Integration by Parts is a powerful tool in Calculus used to integrate the product of two functions. This method is grounded in the differentiation rule for products and is especially useful when a direct integration method seems complicated. The formula for Integration by Parts is given by:

• \( \int u \, dv = uv - \int v \, du \)

Here, you need to select which part of the integrand will be \( u \) and which part will be \( dv \). A good choice of \( u \) is a function that simplifies when differentiated, and \( dv \) should be easy to integrate.
In our exercise, we chose \( u = t \) and \( dv = f''(t) \; dt \). Differentiating \( u \) gives \( du = dt \), and integrating \( dv \) gives \( v = f'(t) \). This selection simplifies the integral effectively, revealing the relationship between the terms when solved by parts.

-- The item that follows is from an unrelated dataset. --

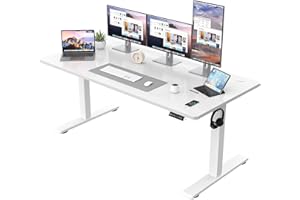 ‎JUMMICO JUMMICO Höhenverstellbarer Schreibtisch KOMPLETTE TISCHPLATTE Elektrischer Schreibtisch Höhenverstellbar mit Memory-Funktion Steh-Sitz Tisch Computertisch 160 x 60 cm Weiß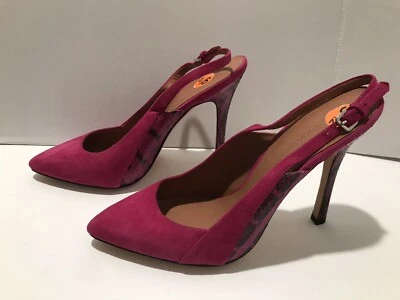 Sigerson Morrison Monte 2 Pumps Snakeskin Suede Raspberry Pink 9.5 B $300 - Image 1 of 4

The Fundamental Theorem of Calculus connects differentiation with integration, serving as a backbone for the study of Calculus. It consists of two parts that explain the relationship between the definite integral and the antiderivative.

• First Part: Describes how the integral of a function's derivative over an interval gives the net change of the function over that interval.
• Second Part: If a function is continuous over an interval \([a, b]\), and \(F\) is its antiderivative, then \(\int_{a}^{b} f(x) \, dx = F(b) - F(a)\).

In our exercise, the theorem helps solve for \( f(1) \). We find \( \int_{0}^{1} f'(t) \; dt = f(1) - f(0) \), equating this to 1, as calculated in the solution. Knowing that \( f(0) = 1 \), we determine that \( f(1) = 2 \).
This essential concept shows the interplay between antiderivatives and integrals, reflecting the geometric interpretation of the area under curves.

Definite Integrals allow us to calculate the exact area under a curve from one point to another on the x-axis. The evaluation of a definite integral gives a number that represents this accumulated area, which can be positive, negative, or zero, depending on the curve’s position relative to the x-axis.
To evaluate a definite integral, you choose an antiderivative of the function, then apply the limits of integration according to the notation \([a, b]\). Proper utilization of integration techniques, such as Integration by Parts, can simplify this process.
In our given exercise, we used the definite integral \( \int_{0}^{1} t f''(t) \, dt = 0 \). This value hints that the total contribution from the product of \( t \) and \( f''(t) \) over the interval is zero.

• This informs the steps taken using Integration by Parts and ultimately helps to deduce values related to the function \( f(t) \).

Definite integrals are foundational in Calculus for solving practical problems involving areas, volumes, and total values over intervals.